VII. «Земля, – отвечал я, – которая, как ты говоришь, принадлежит твоей империи, судя по её народу и его языку относится к Итальянскому королевству. Её держали в своей власти лангобарды; Людовик, император лангобардов и франков, освободил её из рук сарацин, перебив их во множестве 21. Но и Ландольф 22, князь Беневента и Капуи, подчинил её и удерживал в своей власти 7 лет. И до сего дня не ушла бы она от его службы и от ига его преемников, если бы император Роман не купил дружбу нашего короля Гуго, дав ему огромную сумму денег 23. Это и было причиной того, что он заключил брак между своим одноимённым внуком и незаконнорожденной дочерью 24 нашего короля, того самого Гуго. И, как я вижу, ты приписываешь моему государю не милость, но бессилие из-за того, что он после приобретения Италии и Рима оставлял её за тобой столько лет. Узы дружбы, которые, как ты говоришь, вам хотелось создать посредством брака, мы рассматриваем как хитрость и коварство. Ты требуешь перемирия, которое не заставит ни тебя требовать, ни нас подчиняться. Однако, чтобы обман был разоблачён, а истина не была продана, мой государь отправил меня к тебе, чтобы если ты желаешь отдать за моего государя, вернее за его сына, августейшего императора Оттона, дочь императора Романа и императрицы Феофано 25, то подтвердил бы это передо мной клятвой, а я, в обмен на эту милость, подтвердил бы клятвой, что мой господин сделает для тебя то-то и то-то 26, и ещё больше сделает 27. Но мой господин уже передал тебе, как своему брату, лучший залог дружбы, а именно: [уступил] тебе по моему настоянию, – хоть ты и говоришь, что от этого предложения происходит только зло, – всю Апулию, подчинённую его власти 28. Свидетелей этого дела столько, сколько жителей во всей Апулии.

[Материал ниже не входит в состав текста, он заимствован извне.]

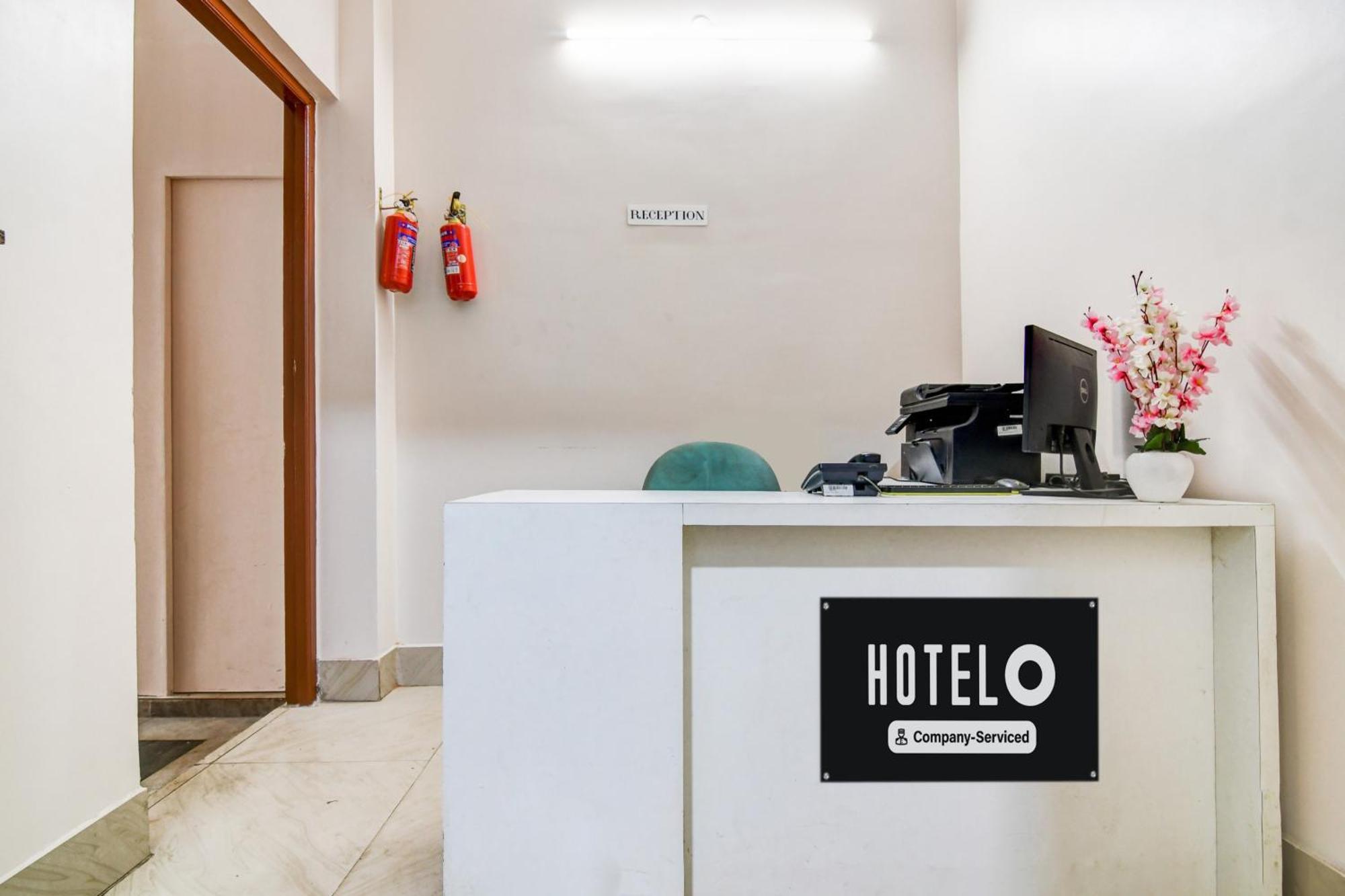 Super Hotel O Jessore Road Kolkata Formerly Skyline Serenity Nagarbazar Экстерьер фото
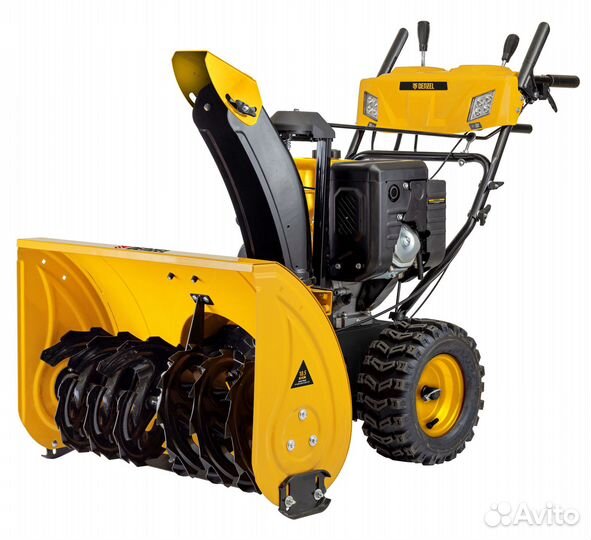 Снегоуборщик бензиновый Denzel SBL 711D PRO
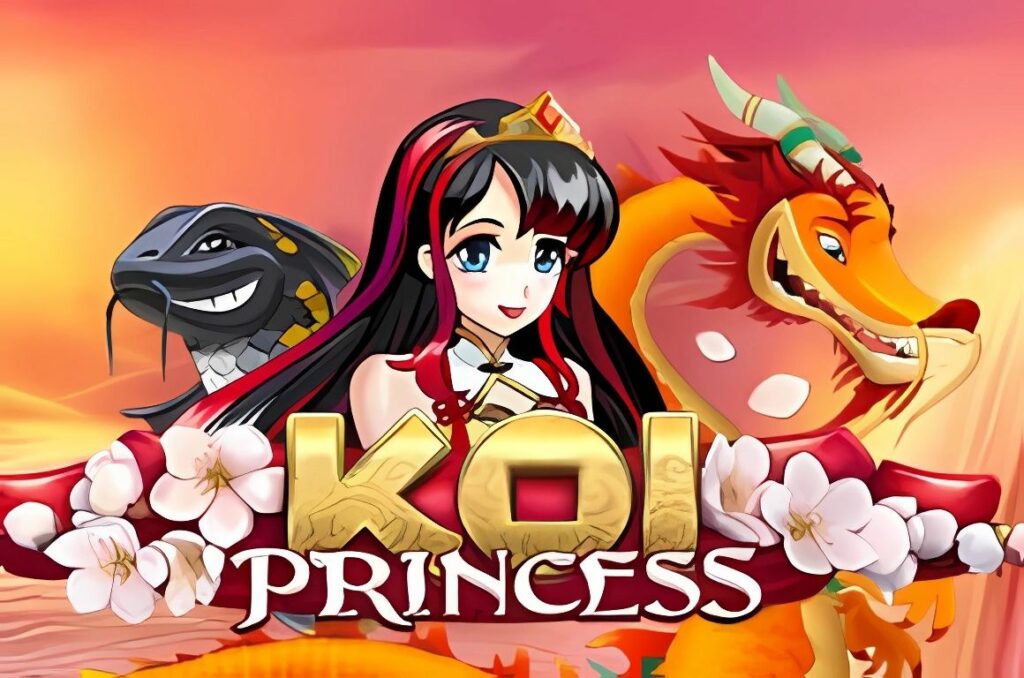 Koi Princess Slot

VIII. «Прошло, – сказал Никифор, – уже два часа; пришла пора провести торжественную προέλευσις 29, то есть процессию. Будем делать то, что надлежит. Когда будет подходящее время, мы ответим на твои слова».

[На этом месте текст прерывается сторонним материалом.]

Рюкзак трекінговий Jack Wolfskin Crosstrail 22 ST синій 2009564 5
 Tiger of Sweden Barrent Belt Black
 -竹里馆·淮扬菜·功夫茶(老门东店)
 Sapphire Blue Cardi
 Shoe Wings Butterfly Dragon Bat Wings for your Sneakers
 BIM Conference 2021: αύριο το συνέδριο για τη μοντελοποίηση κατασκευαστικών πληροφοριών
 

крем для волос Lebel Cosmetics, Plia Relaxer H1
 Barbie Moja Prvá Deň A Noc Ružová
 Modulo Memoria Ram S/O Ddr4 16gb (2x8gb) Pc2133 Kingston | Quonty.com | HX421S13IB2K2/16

IX. Да не будет мне в тягость описать προέλευσις, а моим государям услышать о ней. Огромная толпа торговцев и простых людей, собравшаяся в этот праздник для торжественной встречи и восхваления Никифора, заняла обе стороны дороги от дворца до св. Софии 30, образуя как бы стену; впрочем, её сильно безобразили довольно тонкие щиты и жалкие копья, которые люди держали [в руках]. В довершение этого безобразия большая часть черни шла во славу его босиком. Я думаю, что так они рассчитывали ещё больше украсить свою священную προέλευσις. Но и вельможи его, которые проходили вместе с ним через эту плебейскую и босоногую толпу, были одеты в широкие и дырявые от ветхости туники. Им было бы лучше идти в своих повседневных одеждах! Не было ни одного, чей прадед надел бы эту [одежду] новой! Ни один не был украшен ни золотом, ни драгоценностями, разве что сам Никифор, которого императорское облачение, изготовленное для человека более высокого роста, делало ещё отвратительнее. Клянусь вашим спасением, которое для меня дороже собственного, что парадное одеяние одного из ваших князей ценнее сотни и даже более подобных одеяний! Итак, меня привели на proeleusiν и усадили на возвышенное место 31 возле псаломщиков, то есть певцов.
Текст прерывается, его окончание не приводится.